WHAT IS BEING ASKED =>
In your copy, drop the images and return each record exactly as it stands.

TASK MATERIAL =>

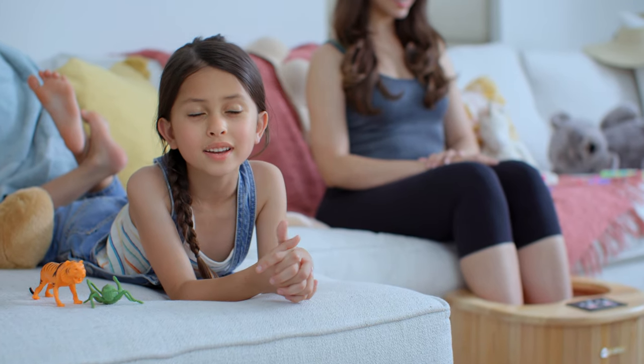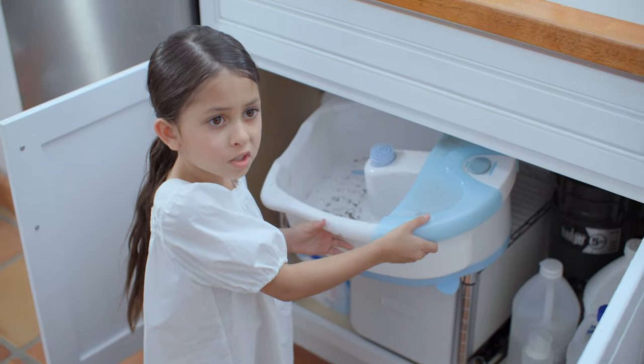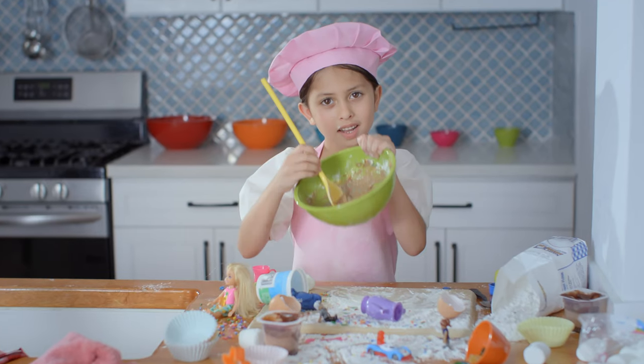But the best part about Everjoy is there is no mess and no stress. Mommy used to use a water foot bath, but it was dirty, messy, and scary. But now with Everjoy, mommy is so relaxed, I get to cook my own dinner. Ta-da!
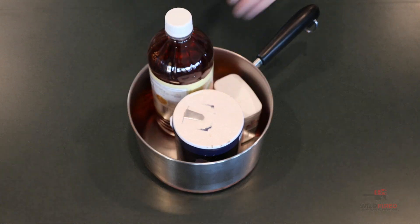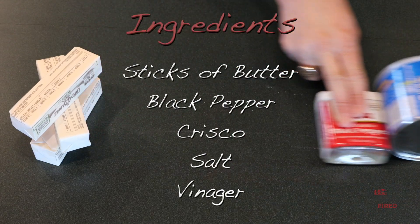The recipe is super simple — there's like five ingredients: Crisco, butter, salt, pepper, and vinegar.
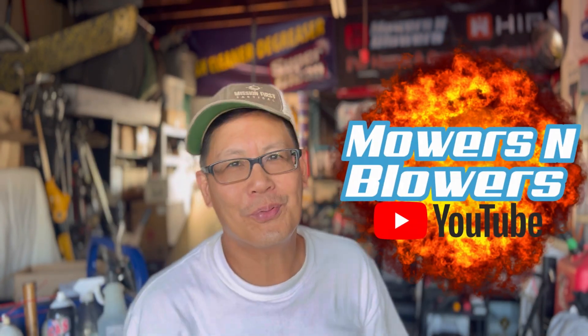That's great! I got that on video! Hey, you guys, how you doing? It's Henry at Motors and Blowers! Welcome to another weekend product review.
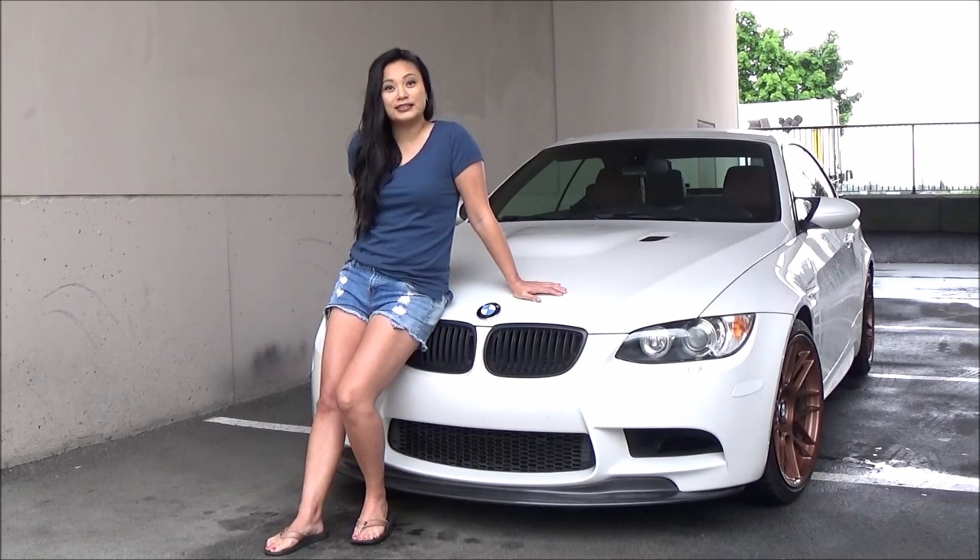Hi everyone, I'm Tara. This is my 2011 BMW M3 hardtop convertible. Today I'll be installing my front license plate.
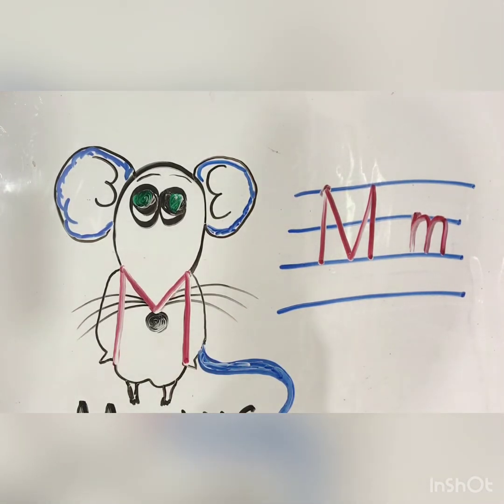So we have done everything for the letter M. You have learned how to sound out. Can you sound out letter M? Yes.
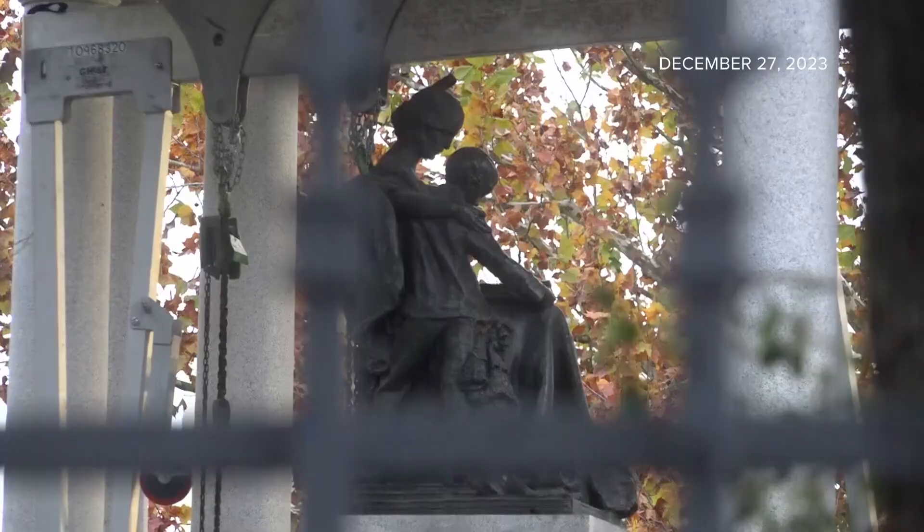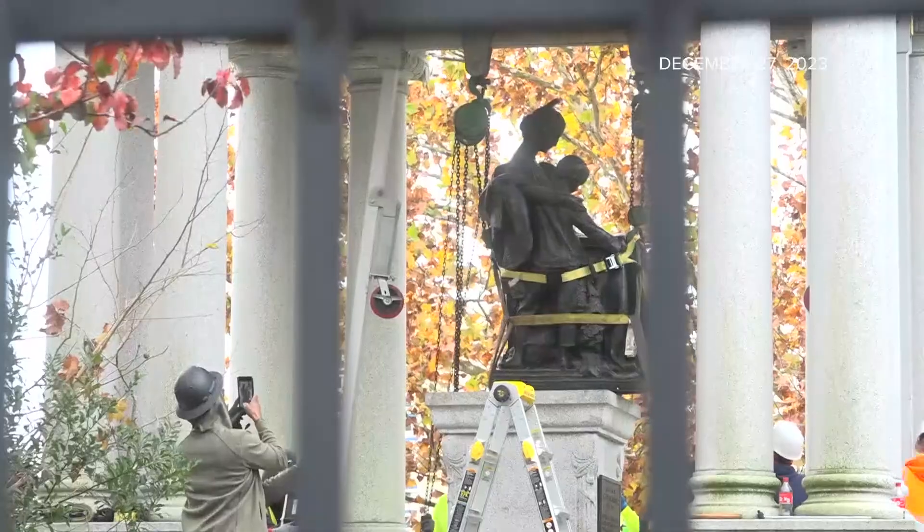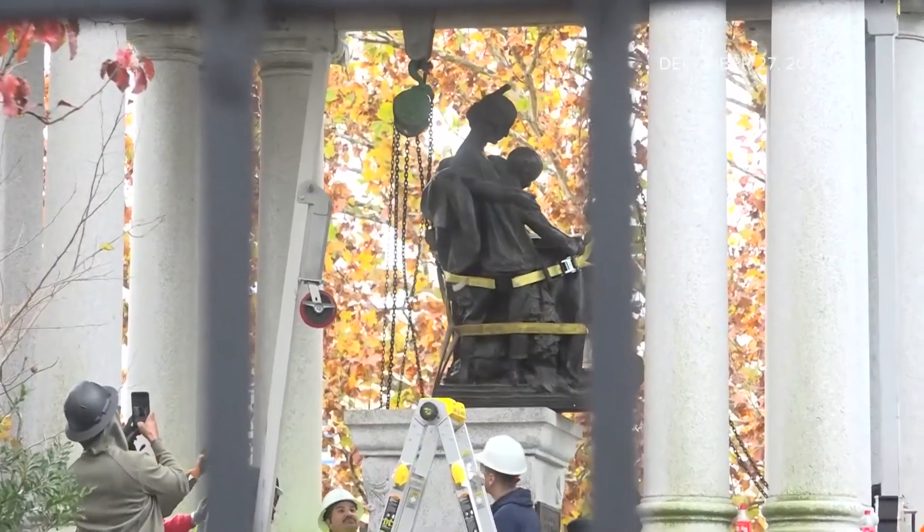Take Em Down Jax, an organization that's been vocal about the removal of these types of statues, says everything should go — including the pillars that sheltered the monument.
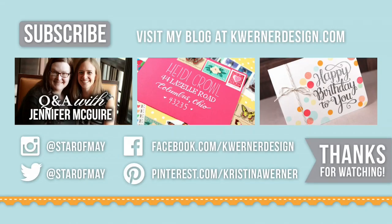Thanks for watching until the very end. The three videos on screen are the three most recent videos on this YouTube channel. The first one was a Q&A I did with Jennifer McGuire last week. I've also got some faux calligraphy in the middle, and then a really fun one-layer birthday card on the right. You can visit my blog at kwernerdesign.com, hit that subscribe button in the top corner, and catch me on Instagram, Twitter, Facebook, and Pinterest. I appreciate you guys so much — thank you for subscribing and watching my videos every week. I'll catch you on Friday for a new Friday Focus video.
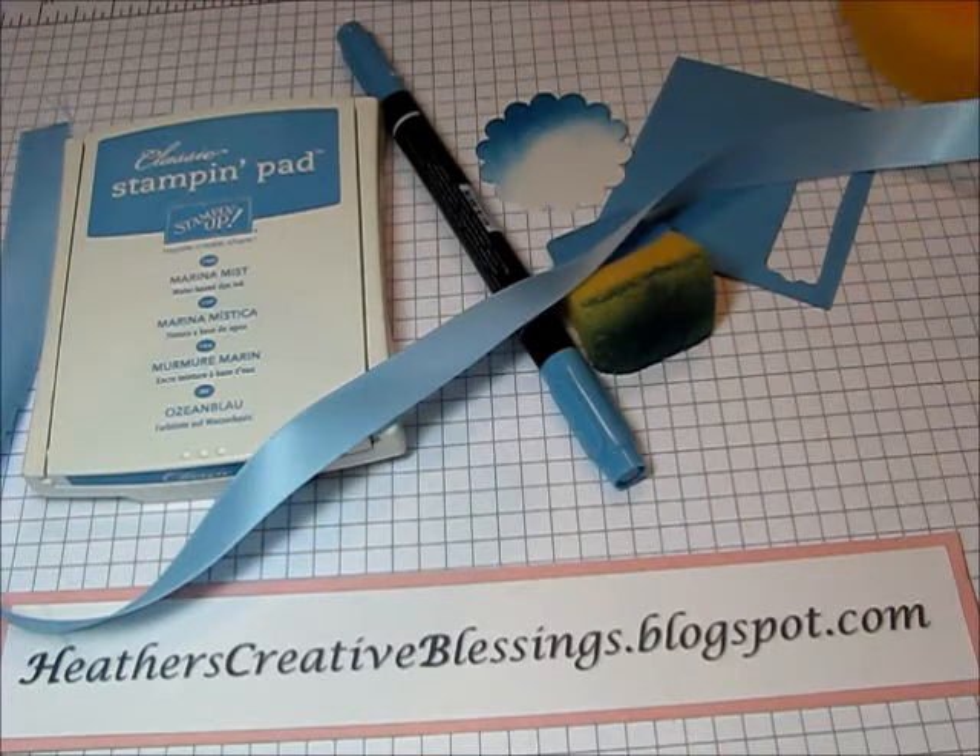Hello my creative friends. Today I just wanted to talk a little bit about Stampin' Up Colors and show you how beautifully they all coordinate.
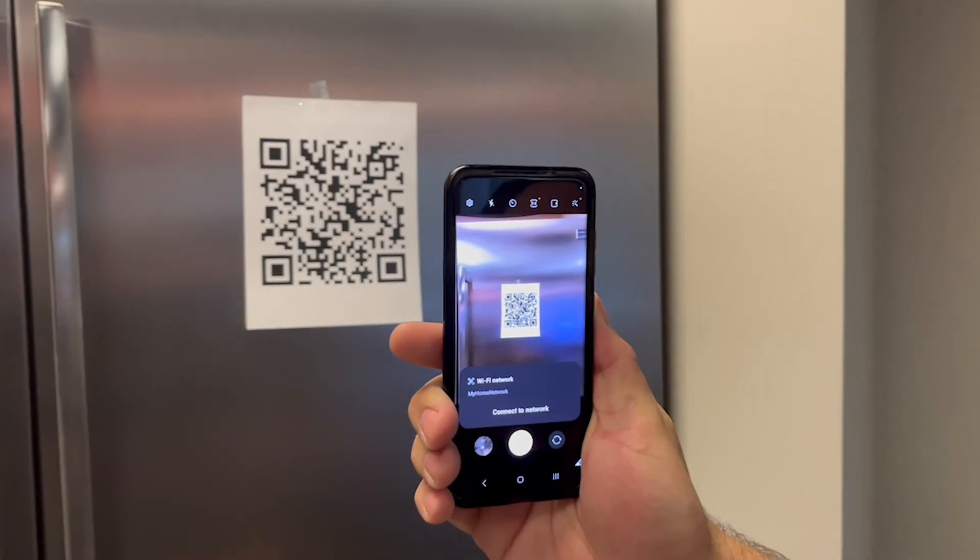Then you print it out and put it on your fridge or put it in a frame. All your guests have to do is scan the code and they're connected.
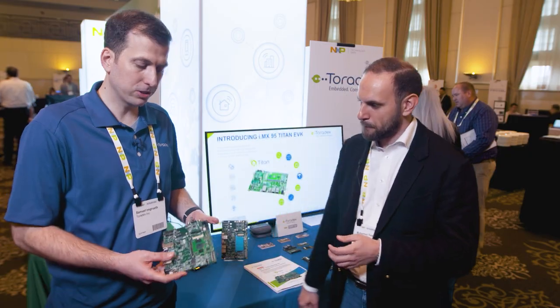Thanks so much for the introduction, Mohamed. It's been an exciting couple of months to get this out to market. I invite all of you to join us and NXP in the iMX-95 early access program — go to www.toradex.com, click and register for the early access, and we'll get you one of these as soon as they're available. Thank you.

SOLUTION TO THIS PROBLEM =>
But the best part about Everjoy is there is no mess and no stress. Mommy used to use a water foot bath, but it was dirty, messy, and scary. But now with Everjoy, mommy is so relaxed, I get to cook my own dinner. Ta-da!
The recipe is super simple — there's like five ingredients: Crisco, butter, salt, pepper, and vinegar.
That's great! I got that on video! Hey, you guys, how you doing? It's Henry at Motors and Blowers! Welcome to another weekend product review.
Hi everyone, I'm Tara. This is my 2011 BMW M3 hardtop convertible. Today I'll be installing my front license plate.
So we have done everything for the letter M. You have learned how to sound out. Can you sound out letter M? Yes.
Take Em Down Jax, an organization that's been vocal about the removal of these types of statues, says everything should go — including the pillars that sheltered the monument.
Thanks for watching until the very end. The three videos on screen are the three most recent videos on this YouTube channel. The first one was a Q&A I did with Jennifer McGuire last week. I've also got some faux calligraphy in the middle, and then a really fun one-layer birthday card on the right. You can visit my blog at kwernerdesign.com, hit that subscribe button in the top corner, and catch me on Instagram, Twitter, Facebook, and Pinterest. I appreciate you guys so much — thank you for subscribing and watching my videos every week. I'll catch you on Friday for a new Friday Focus video.
Hello my creative friends. Today I just wanted to talk a little bit about Stampin' Up Colors and show you how beautifully they all coordinate.
Then you print it out and put it on your fridge or put it in a frame. All your guests have to do is scan the code and they're connected.
Thanks so much for the introduction, Mohamed. It's been an exciting couple of months to get this out to market. I invite all of you to join us and NXP in the iMX-95 early access program — go to www.toradex.com, click and register for the early access, and we'll get you one of these as soon as they're available. Thank you.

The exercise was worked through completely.